In what may be a sign of the times in China, despite efforts to mask the layoff programs as legitimate corporate restructuring schemes, many people weren’t fooled.
The official on-line news service China.org reports:
A recent survey, organized by the Investigation Center of China Youth Daily, shows that 42.7 percent of the 2,212 interviewed applaud Huawei's staff reforms, while 57.3 percent do not.
According to the survey, opponents consider this a display of capital power, because "the employees working more than 10 years at Huawei are the backbone of the company, and they are the most important for the survival of the enterprise. Huawei's attitude toward its 'veteran' workers will definitely make the company less attractive to talented professionals."
The survey further found,
….87.4 percent of the respondents believe the new law does not provide excessive protection for employees, while 69.4 percent think the protection is not enough.
Nearly 70 percent feel that employees don't have the power necessary to protect their rights.
It’s not clear how the survey was conducted, but it is interesting that it appeared in the official media.
In the wake of the Huawei controversy the government and the ACFTU have issued warnings to both Chinese and non-Chinese companies on compliance.
The ACFTU reports that it has “…carried out probes….” to pre-empt evasive actions. The China Daily reports,
Chang Kai, an official with the Legal Affairs Office of the State Council, asked the companies to study the law properly before initiating a move against it…..
"The national and local legislatures, the State Council and government agencies will soon issue judiciary interpretation and guidelines to stop employers from trying to dodge the law," Chang said.
According to the interpretation, a firm will be seen as trying to dodge the law if it prompts mass resignation, 21st Century Business Herald quoted him as having said. And "violators will have to pay a heavy price."
The controversy and highly publicized cases like Huawei may be good news for a number of reasons.
First, while some companies are worried about the law and are conducting covert campaigns to circumvent its impact, the government and the ACFTU seem serious about its implementation. This could be a step in the direction of establishing the rule of law in China.
Second, what happens at big companies like Huawei could have a ripple effect, at least in some industrial sectors, by setting the tone for what happens at smaller firms. One HR official at a smaller IT company, quoted by China.org, says, “I have paid great attention to Huawei’s ‘voluntary resignation scheme’ since the beginning….I want to know how relative departments will deal with….problems so we can use [it] as a reference in the future.”

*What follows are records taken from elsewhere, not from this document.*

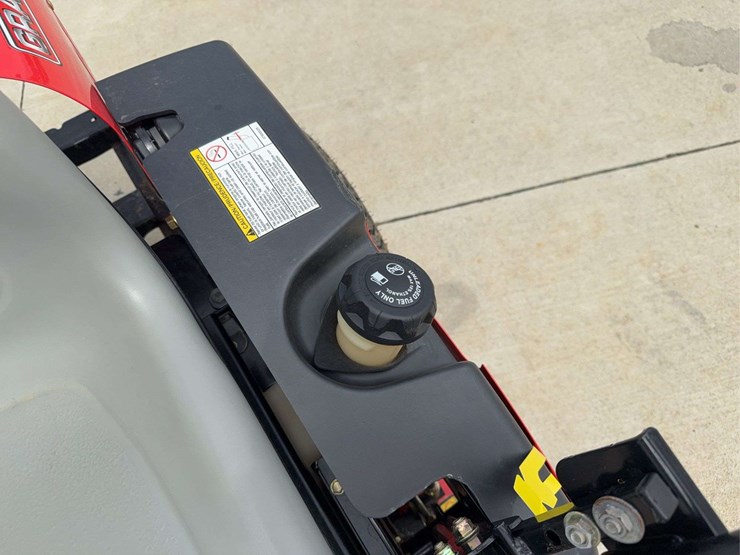 2015-graveley-zero-turn-mower-image-20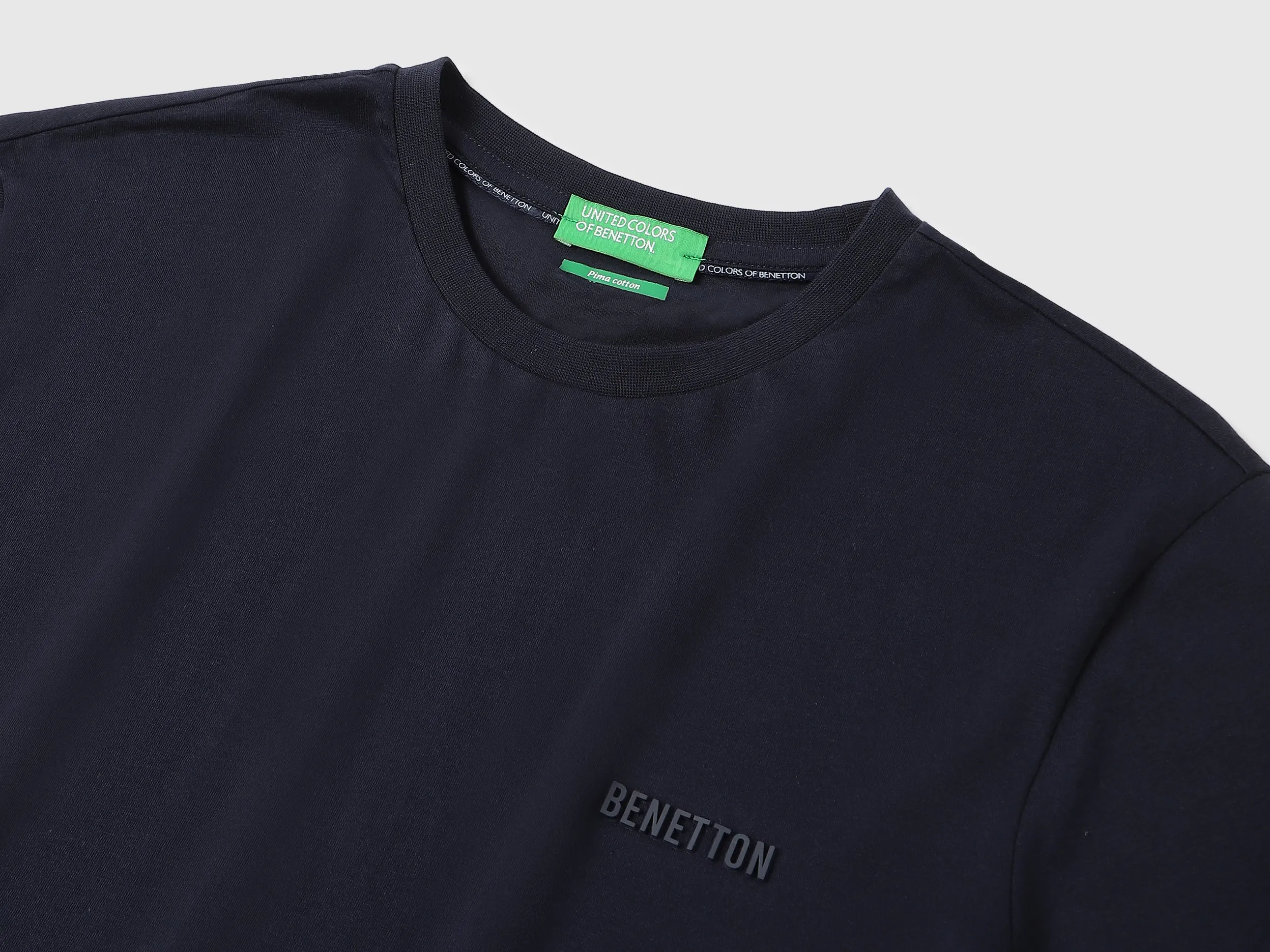 Regular Fit Round Neck Solid Tshirt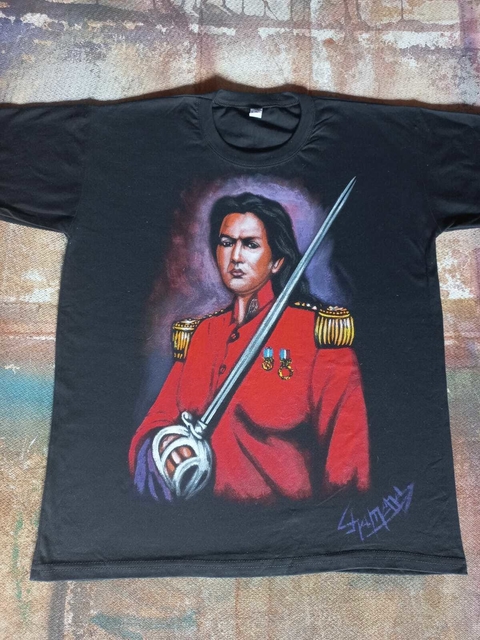 REMERA DE JUANA AZURDUY PINTADA A MANO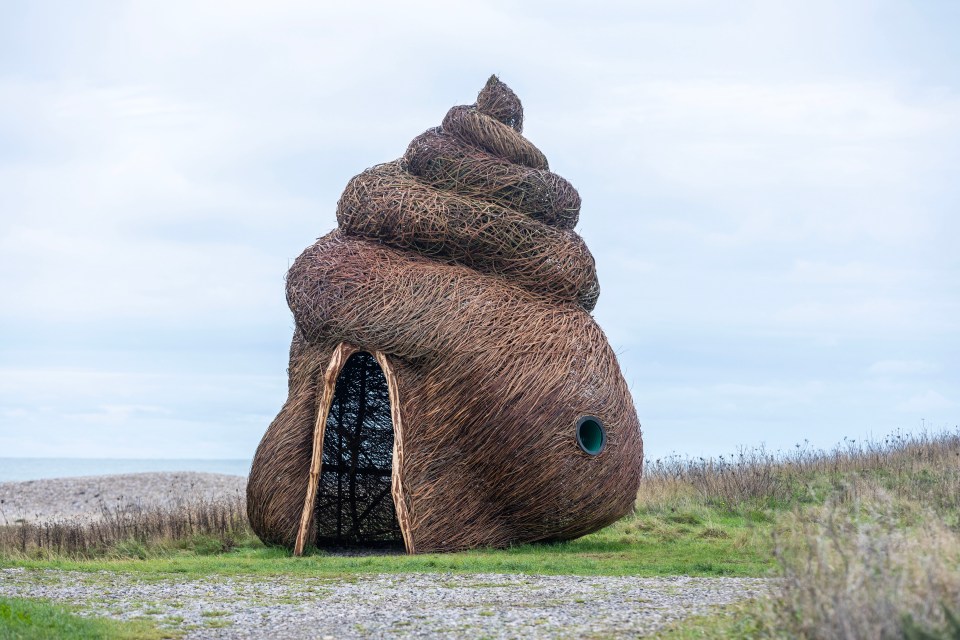 Une installation intitulée Pervenche fait polémique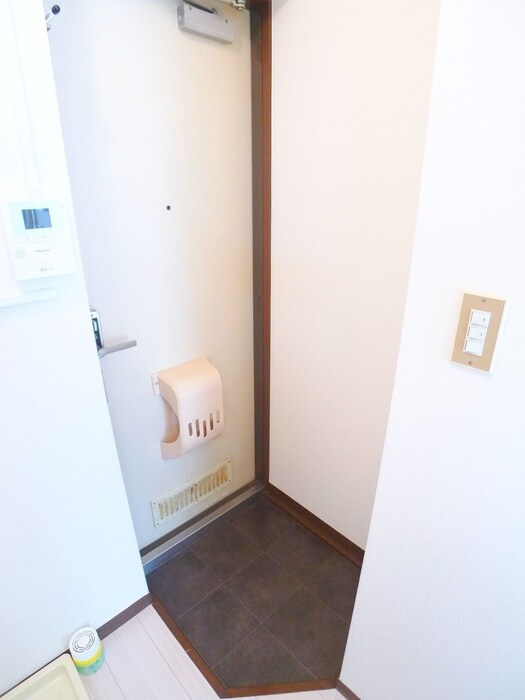 物件内観写真7　(玄関)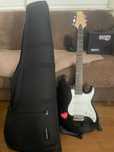 Gitara Elektryczna Greg Bennett Malibu MB‑1/BK + wzmacniacz joyo dc-15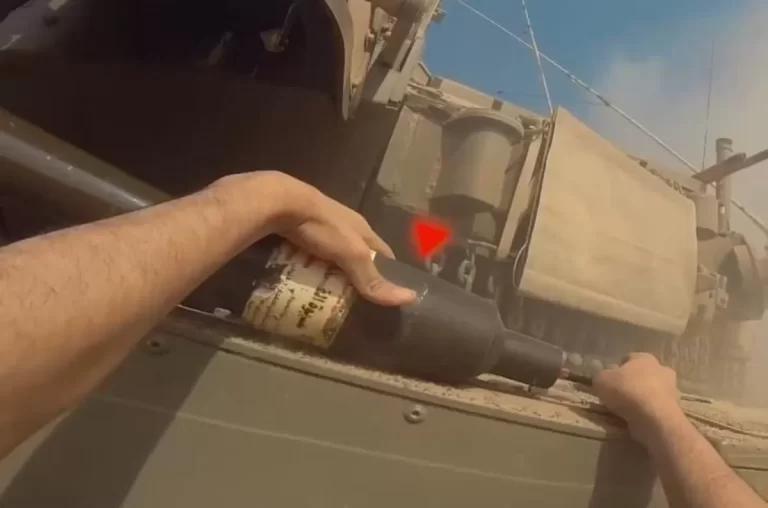 كمين قسامي نوعي يفتك بعدد كبير من قوات الاحتلال.. تفجير عبوات ثم إجهاز من المسافة صفر مقاتل قسامي يضع عبوة ناسفة على دبابة إسرائيلية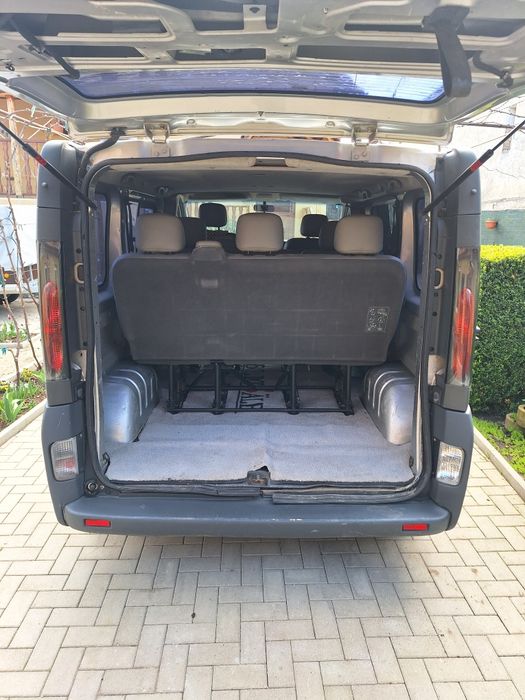 Vând Renault trafic 8 locuri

Third , the agreement reached at Huawei looks a lot like conventional collective bargaining. Of course, whether and what kind of bargaining actually takes place will depend in part on the actions of the ACFTU which, to date, has generally worked in close collaboration with management—indeed, is often staffed by managers. The ACFTU could become an agency to help impose the new law in China’s workplaces and economy, or it could continue to be just a vehicle for quieting down worker upheavals. Time will tell.
Finally, the Labor Contract Law may function like the National Labor Relations Act did when it was enacted in the US 70 years ago, defining rights that employers try to ignore, evade, or repress—thereby creating the conditions in which workers demand implementation of the rights that they have been told they possess. We may be witnessing an early skirmish in that battle.